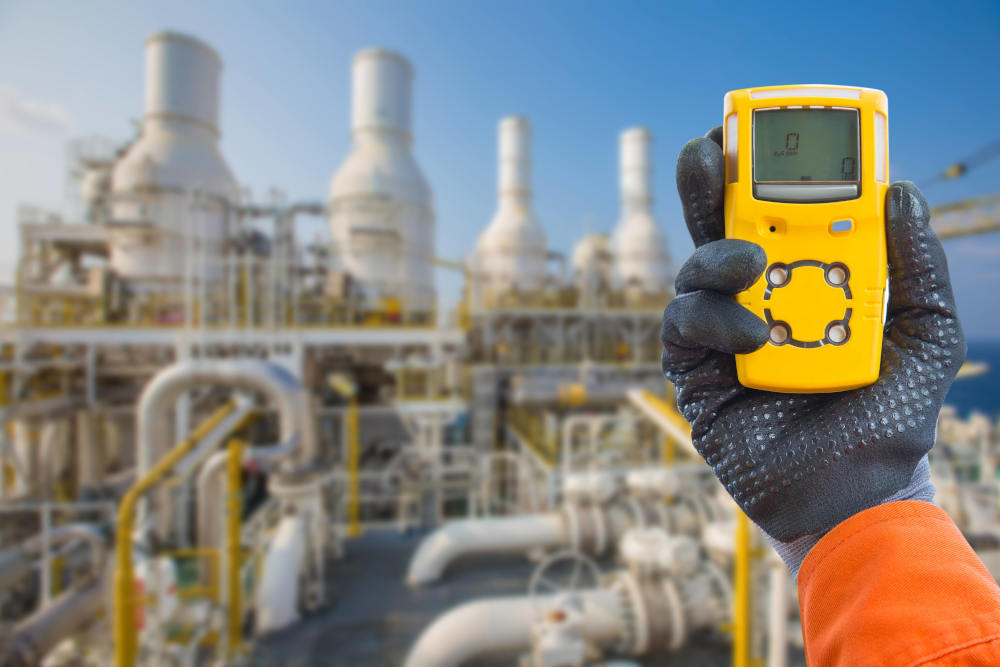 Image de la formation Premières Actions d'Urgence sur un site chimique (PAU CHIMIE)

********************

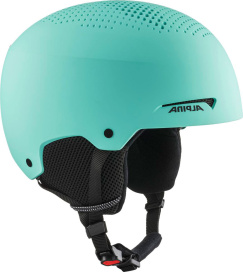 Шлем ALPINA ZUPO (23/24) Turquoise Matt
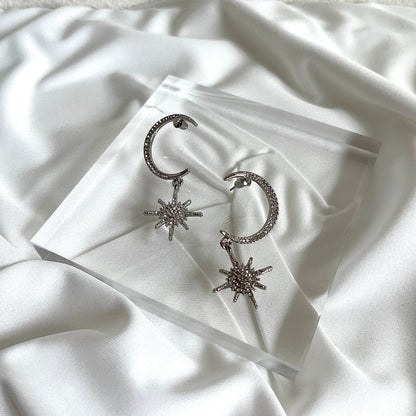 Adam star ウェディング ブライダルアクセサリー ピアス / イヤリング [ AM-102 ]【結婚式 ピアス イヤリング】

********************

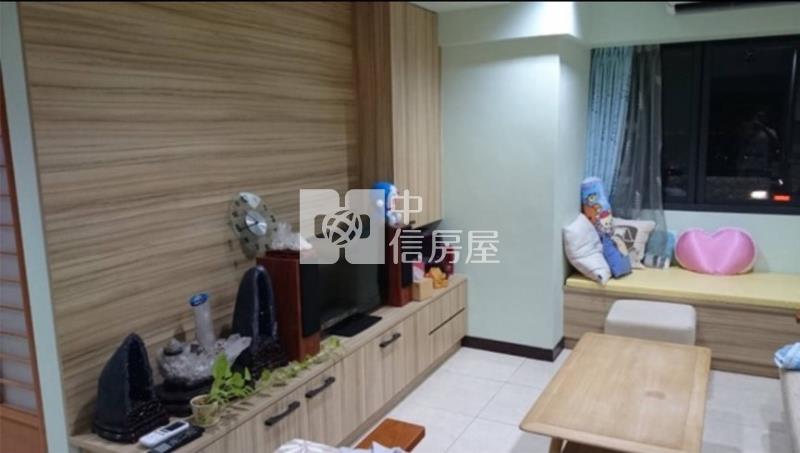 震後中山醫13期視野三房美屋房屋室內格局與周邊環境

********************

Your answer should be the lines above, word for word, from the line with "Шлем ALPINA ZUPO (23/24) Turquoise Matt" through the line with "Adam star ウェディング", minus the pictures.

 Шлем ALPINA ZUPO (23/24) Turquoise Matt
 Adam star ウェディング ブライダルアクセサリー ピアス / イヤリング [ AM-102 ]【結婚式 ピアス イヤリング】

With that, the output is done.